When your loved one has to move to assisted living, it does not mean they have to go alone.  Many assisted living facilities allow smaller dogs to join their owners in the next stage in life.  Here are a few tips to help you get started:

 

Owning a Dog vs a Puppy—what’s best in assisted living?

Owning a dog has a whole new set of implications when that dog is under a few years old. Although puppies may win with the cuteness factor, owning a puppy presents certain challenges that might not be suitable for some assisted living residents.

 

  • Why not a puppy?
    Puppies can chew on furniture, run out doors quicker than its owner can stop, and often require potty training. If a resident in an assisted living facility is not mobile or active enough to handle these characteristics, he/she should consider owning an older, trained, and more predictable dog.

 

Best Breeds to Have in Assisted Living

Although they can be some of the most lovable breeds, larger dogs like German Shepherds and Golden Retrievers are not suitable for assisted living environments. Neither are dogs who might shed too much or are less personable toward strangers. Some of the best breeds for assisted living environments to look into are:

  • Schnauzers (miniature or regular)
  • Shih Tzu
  • Maltese
  • Miniature Collie
  • Chiahuahua
  • Boston Terrier
  • Poodle

 

Appropriate Dog Age 

As was seen above, having a dog that is too young presents problems some older adults aren’t able to handle, but the same can happen with older dogs. As dogs age, they begin having more health problems that can put a financial and emotional strain on their owners. It’s hard for some assisted living residents to make vet trips and forgetful adults might not remember medications their dogs need. It’s best to start off with a dog that is over the age of 2 and less than 6 (depending on the lifespan of the breed).

Owner’s Medical Needs

When considering bringing a dog to assisted living, the owner must also consider how his/her medical situation might interact with the dog.
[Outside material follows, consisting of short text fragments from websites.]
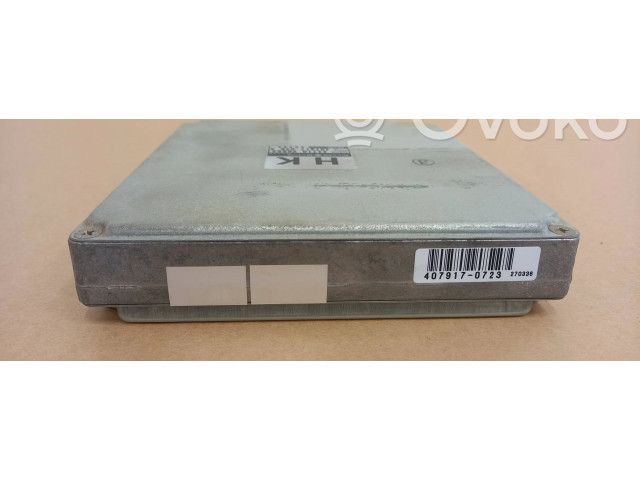 Řídící jednotka 407917-0723, VK563   Nissan Navara D22 2004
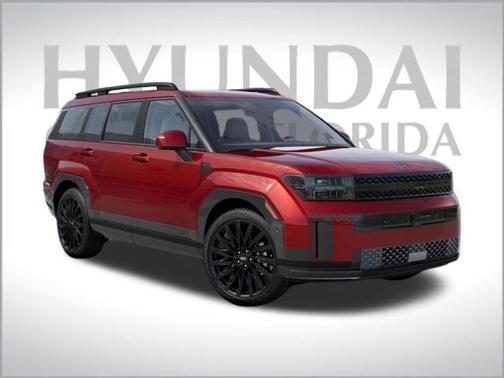 2025 Hyundai SANTA FE Calligraphy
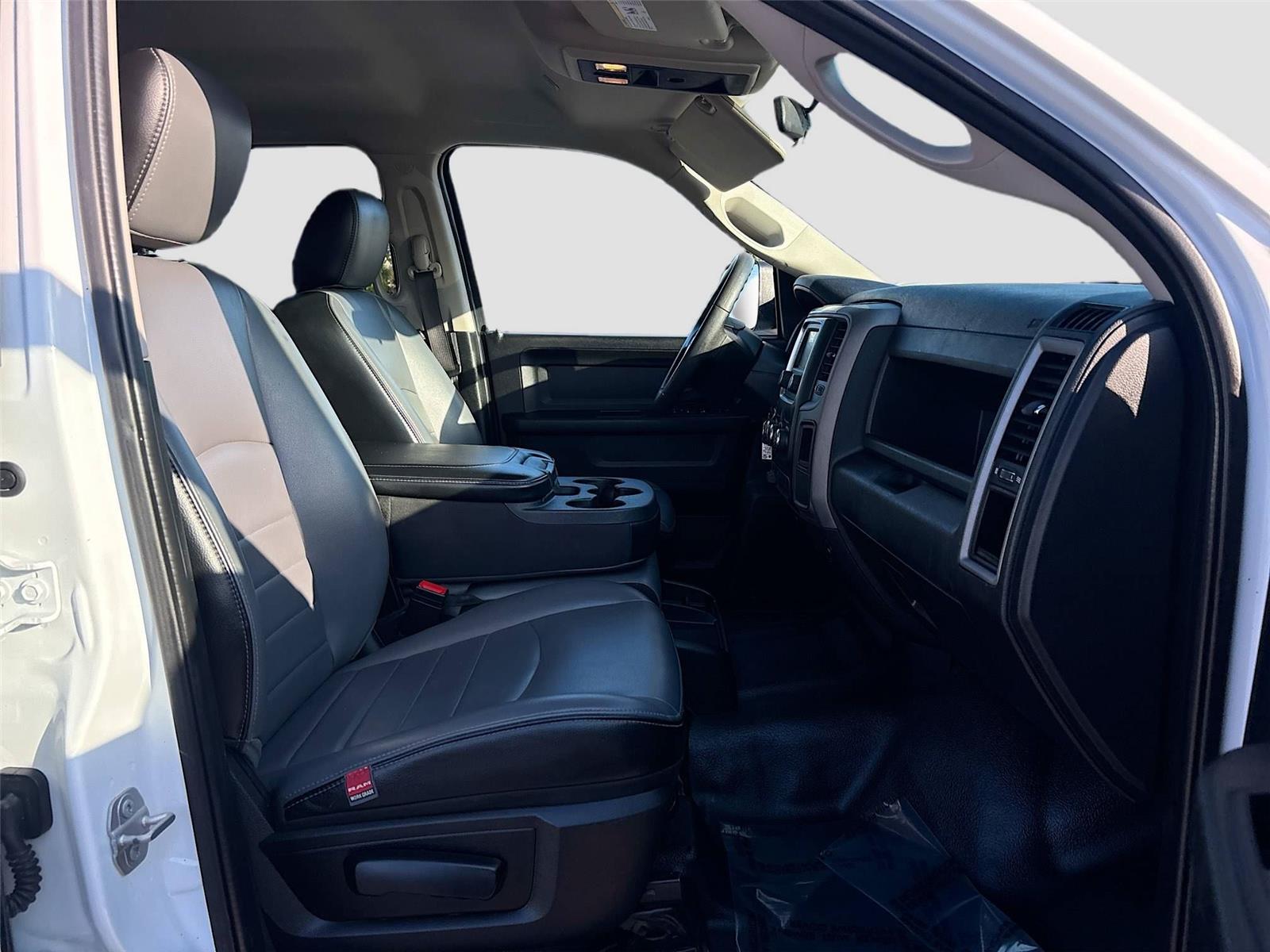 2022 Ram 1500 Classic Tradesman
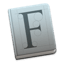 Apple Font Book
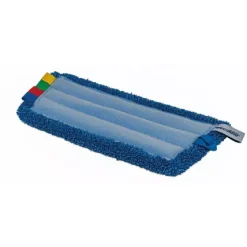 Wecoline microvezel vlakmop blauw (28cm) New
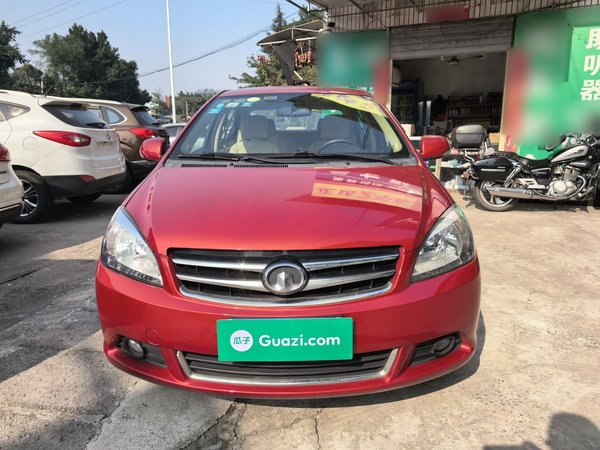 Great Wall C30 2015, 113800 км, за 3700 USD
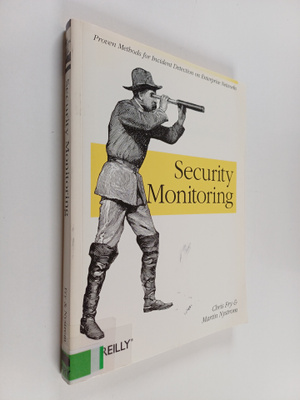 Chris Fry : Security monitoring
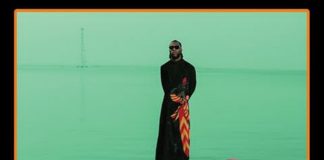 Download Freebeat: Burna Boy Type Beat (Prod by Festbeatz)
For some, that might mean not owning a dog (if having one endangers the owners life, such as increasing a fall risk). An assisted living resident might even be able to get a certified therapy or assistance dog based on his/her medical needs.

Community Requirements

Another consideration to keep in mind when considering bringing a dog into assisted living is how the community would adjust to having the dog present. If the community you are moving into has plenty of residents who own dogs, then you are in good shape. However, if the community has certain requirements, such as pets under a certain weight, or paying a pet deposit, you’ll want to take those things into account when preparing your move.